In the second essay he looks at the fundamental aspects of philosophical Darwinism with its final application of mechanism to the biological realm which for so long eluded the mechanists. Descartes started the trend with his machine-like approach to animals. The third essay considers the meaning of metabolism using James Jeans's, God as a mathematician quote to initiate the discussion. He notes that a living being is one that is never the same from one moment to the next "perpetual self-renewal through process". As another reviewer mentioned his fourth essay "To Move and to Feel: on the animal soul" is probably the most illuminating in the book. He considers what differs from animal to plant i.e. motility, perception and emotion. the ability to move using the evidence of perception leads to the idea of freedom, however how emotion is related to the above is less obvious althgough Jonas makes it so by simply stating that movement in pursuit or flight must necessarily lead to emotion because of its satisfaction or lack thereof. Plants possess immediacy in life between environment and the organism; animals are more separated than this being required to treat the environment as different from them to some degree at least.
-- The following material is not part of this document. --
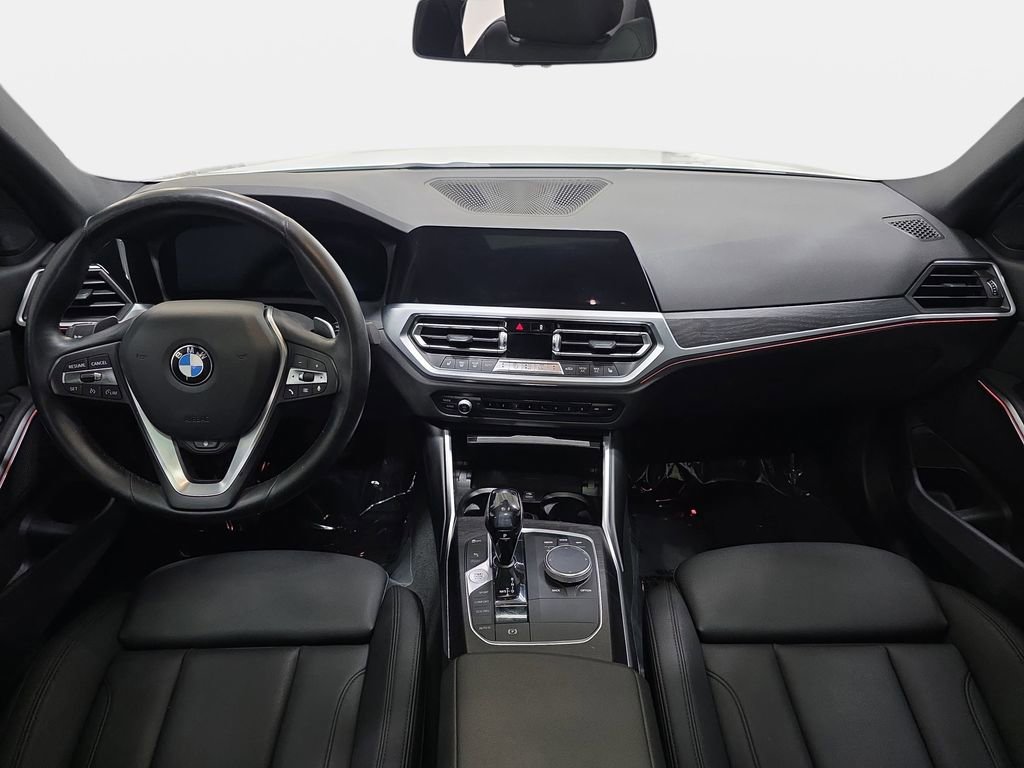 Used 2020 BMW 330i xDrive Sedan w/ Convenience Package AWD/4WD image 10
Next, he analyses the ideas of cybernetics and some differences between machines and organisms noting that machines act by feedback mechanisms whereas an organism is "concerned in existing", this applies also to society where the cybernetic idea of information is empty. In the sixth essay he looks at perception through the senses: sight, hearing and touch in the main and how and why they vary in importance to man. He alludes as to why and how concepts such as space and time arise through the function of the senses themselves rather than being free constructions of the mind. This leads directly into the seventh essay on the difference between man and animal i.e. through the concept of image making rather than language or symbols. Again, as a previous reviewer notes, the later essays lack in depth, once he enters the realm of theology Jonas tends to outline his own beliefs rather than analysing them in depth as was done in his earlier essays; again the relationship between Gnosticism and modern thought bears fruit in contrast to the writing on Heidegger and theology.

All together a brilliant style with difficult writing. In contrast to the usual length of time needed to read a book this took considerably longer just to comprehend. Well worth getting, superb at times, original at others.